In [None]:
##############################################
# PART 2: RoBERTa Model
##############################################

!pip install transformers datasets accelerate scikit-learn -q

import pandas as pd
import torch
import random
import numpy as np
from torch.utils.data import Dataset, DataLoader
from transformers import RobertaTokenizer, RobertaForSequenceClassification, get_cosine_schedule_with_warmup, DataCollatorWithPadding
from torch.optim import AdamW
from sklearn.metrics import f1_score
from tqdm import tqdm
import matplotlib.pyplot as plt

# Set random seed for reproducibility
def set_seed(seed=42):
    random.seed(seed)
    np.random.seed(seed)
    torch.manual_seed(seed)
    torch.cuda.manual_seed_all(seed)

set_seed(42)

device = torch.device('cuda' if torch.cuda.is_available() else 'cpu')
print("Using device:", device, torch.cuda.get_device_name(0) if torch.cuda.is_available() else "")

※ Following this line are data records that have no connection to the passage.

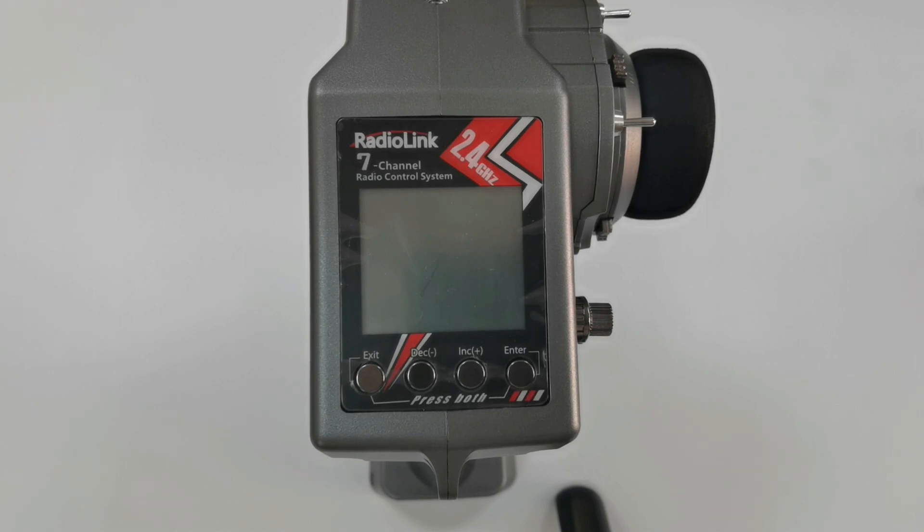Hi, I am going to introduce the transmitter low voltage alarm and battery supply of RC6GS V3.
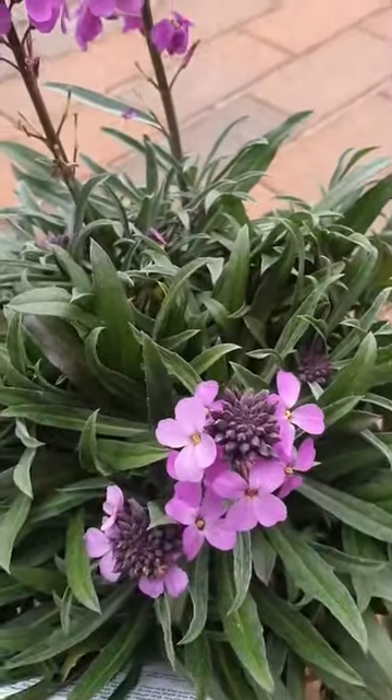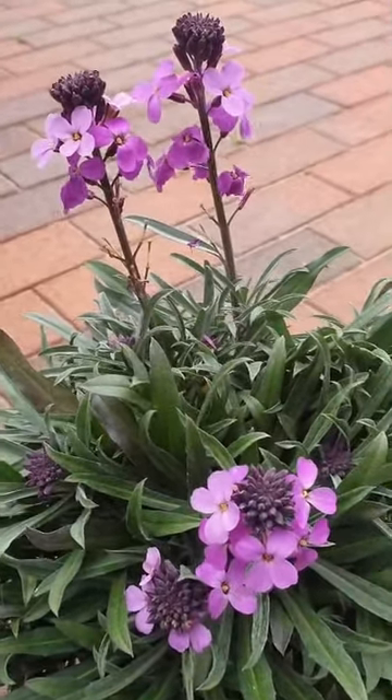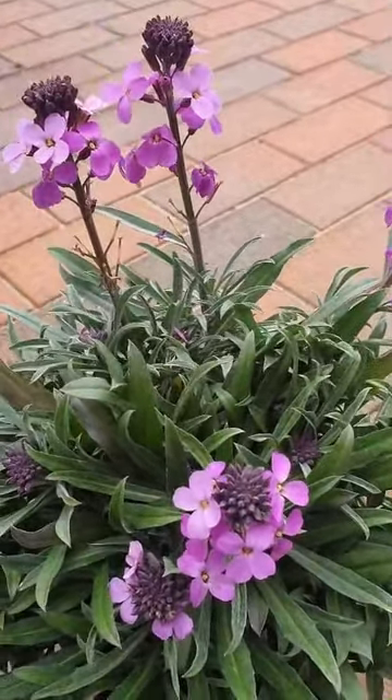It loves a sunny or partially sunny border, is really low maintenance, and is also great for bees and other pollinating insects too. Definitely worth adding to any garden.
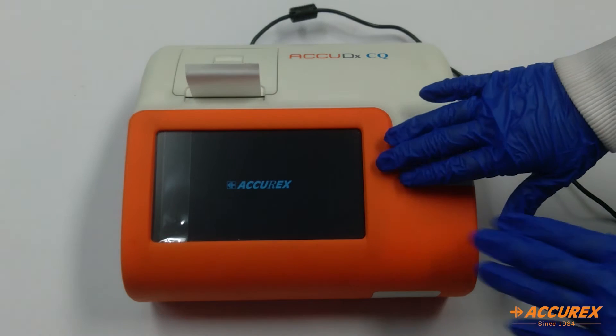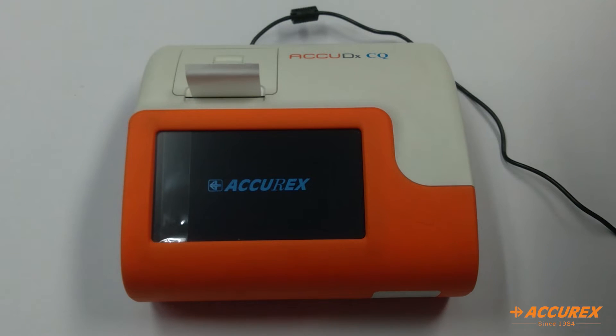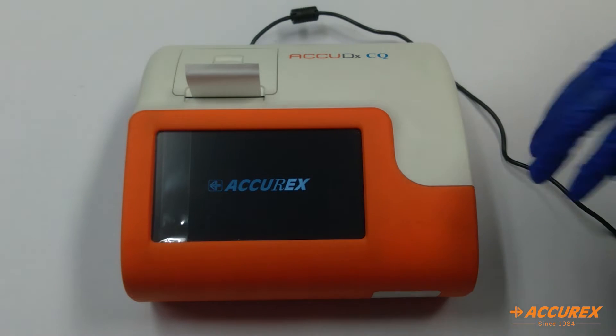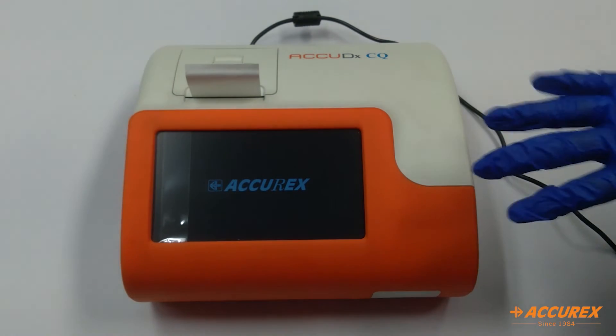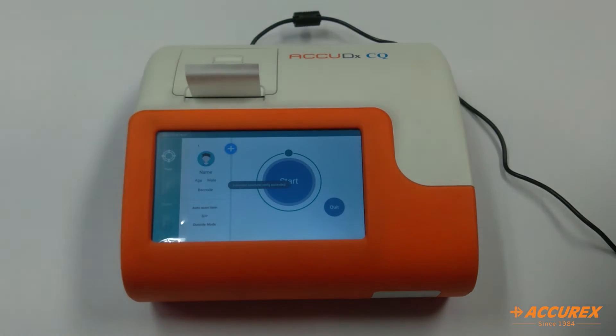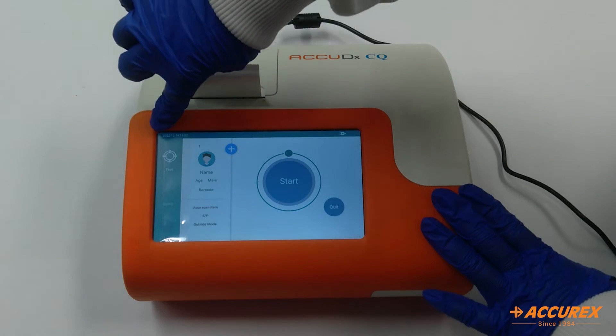This is the start screen. It will take two minutes to switch on. Right now it's initializing. The analyzer has started — here you can see the time and date.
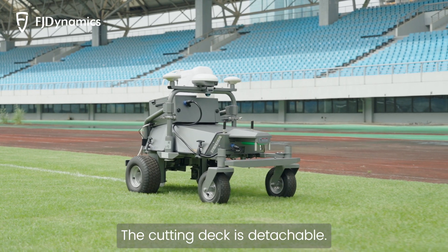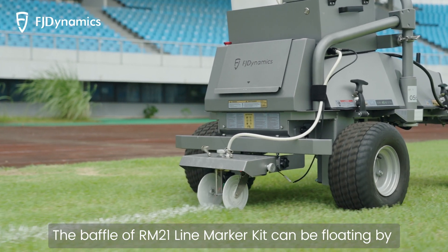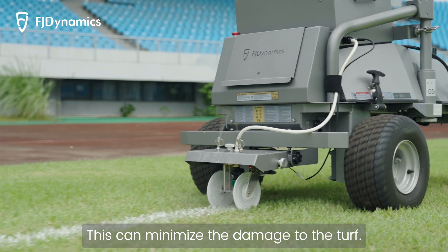The cutting deck is detachable. The baffle of the RM21 line marker kit can be floating by adjustment for different terrains. This can minimize the damage to the turf.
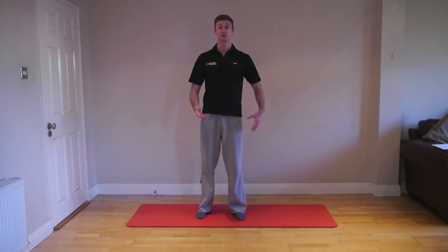So one of the first exercises I tell clients about — it can be used as a warm-up exercise — is just doing some pivots through your hip.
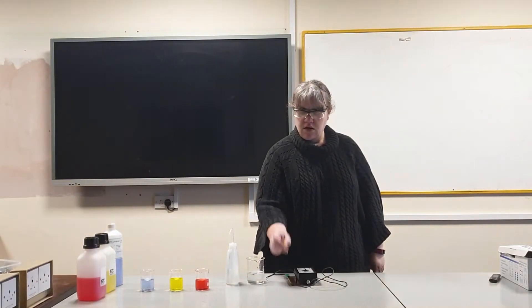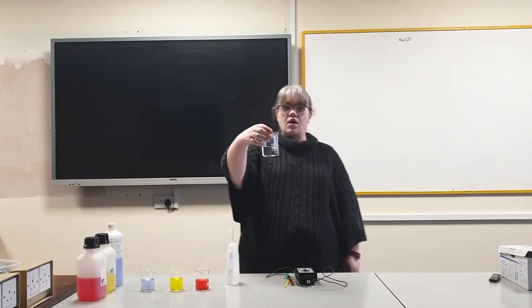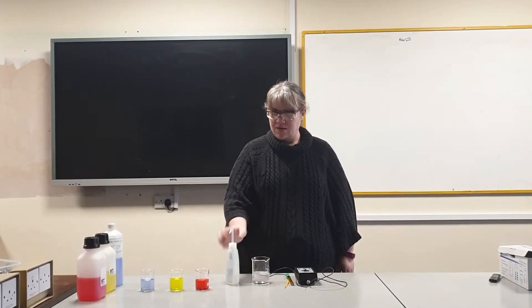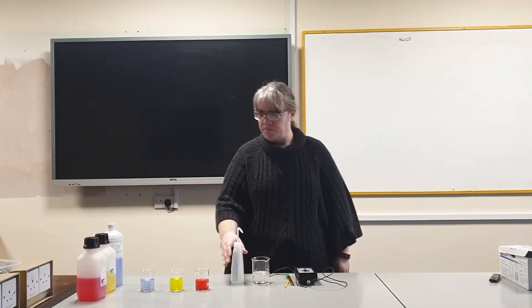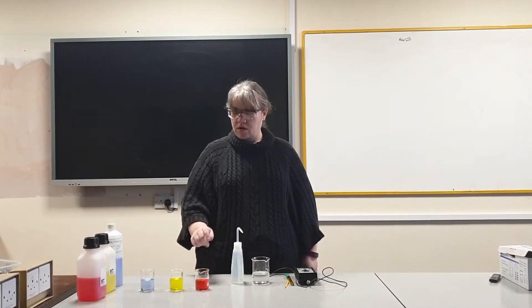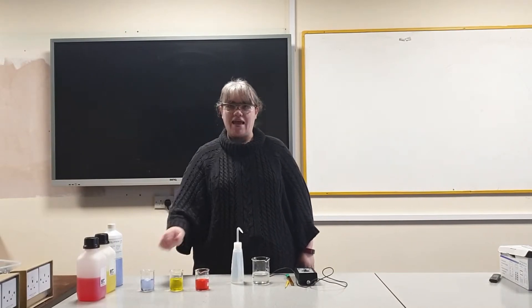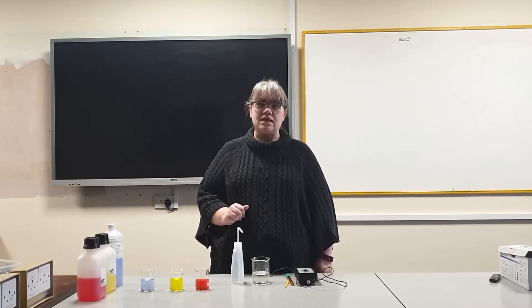Hello, today I'm going to show you how to calibrate a pH meter. You will need a pH meter, small screwdriver, a wash beaker, distilled water and your buffer solutions. I have a pH 4, pH 7 and a pH 10 and I've decanted a small amount into three separate beakers.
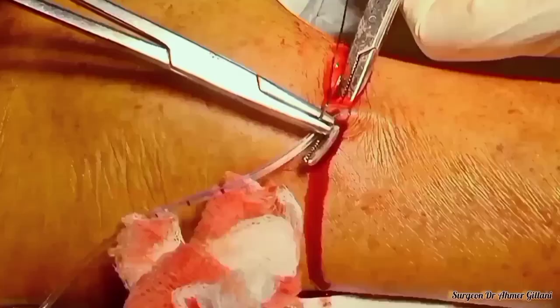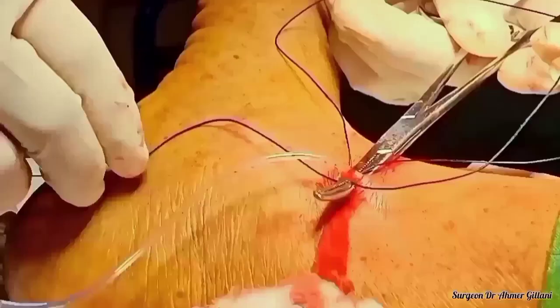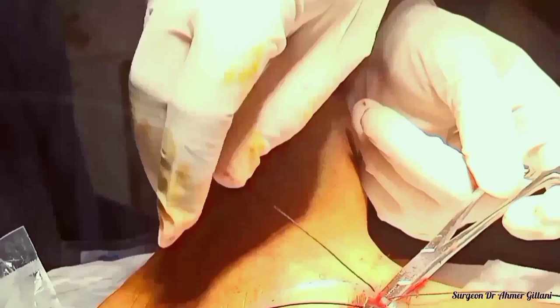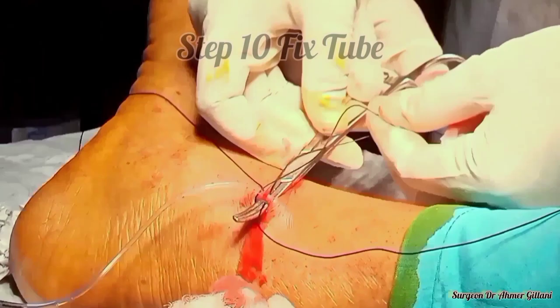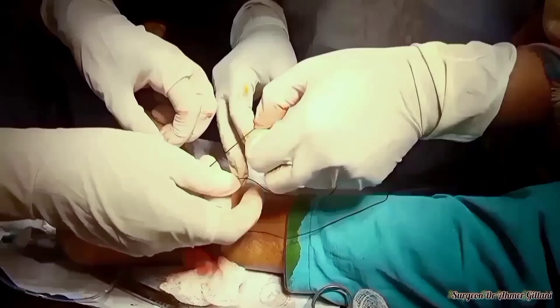Finally, at the end, we will fix this NG tube with the help of silk. First of all, we will pass from one side and then cross from the other side. We will fix the two ends — we will fix this tube just like we fix drains. Our procedure is almost completed.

# Upload files (train.jsonl, val.jsonl, test.jsonl)
from google.colab import files
uploaded = files.upload()

# Load data
train_df = pd.read_json("train.jsonl", lines=True)
val_df = pd.read_json("val.jsonl", lines=True)
test_df = pd.read_json("test.jsonl", lines=True)

# Process labels
train_df['tags'] = train_df['tags'].apply(lambda x: x[0] if isinstance(x, list) else x)
val_df['tags'] = val_df['tags'].apply(lambda x: x[0] if isinstance(x, list) else x)
label_map = {'phrase': 0, 'passage': 1, 'multi': 2}
train_df['label'] = train_df['tags'].map(label_map)
val_df['label'] = val_df['tags'].map(label_map)

# Load tokenizer
tokenizer = RobertaTokenizer.from_pretrained('roberta-base')

# Combine postText + targetTitle + first 4 paragraphs with RoBERTa separator
def combine_text(row):
    text = f"{row['postText']} </s> {row['targetTitle']}"
    if isinstance(row['targetParagraphs'], list):
        for para in row['targetParagraphs'][:4]:  # Take first 4 paragraphs
            text += f" </s> {para[:100]}"  # Truncate each paragraph to 100 chars
    return text

train_df['text'] = train_df.apply(combine_text, axis=1)
val_df['text'] = val_df.apply(combine_text, axis=1)
test_df['text'] = test_df.apply(combine_text, axis=1)

# Custom Dataset
class SpoilerDataset(Dataset):
    def __init__(self, df, tokenizer, include_labels=True):
        self.texts = df['text'].tolist()
        self.labels = df['label'].tolist() if include_labels else None
        self.include_labels = include_labels
        self.tokenizer = tokenizer

    def __len__(self):
        return len(self.texts)

    def __getitem__(self, idx):
        encoding = self.tokenizer(
            self.texts[idx],
            truncation=True,
            max_length=384,
            return_tensors='pt'
        )
        item = {k: v.squeeze(0) for k, v in encoding.items()}
        if self.include_labels:
            item['labels'] = torch.tensor(self.labels[idx], dtype=torch.long)
        return item

# Create datasets and loaders
train_dataset = SpoilerDataset(train_df, tokenizer)
val_dataset = SpoilerDataset(val_df, tokenizer)
test_dataset = SpoilerDataset(test_df, tokenizer, include_labels=False)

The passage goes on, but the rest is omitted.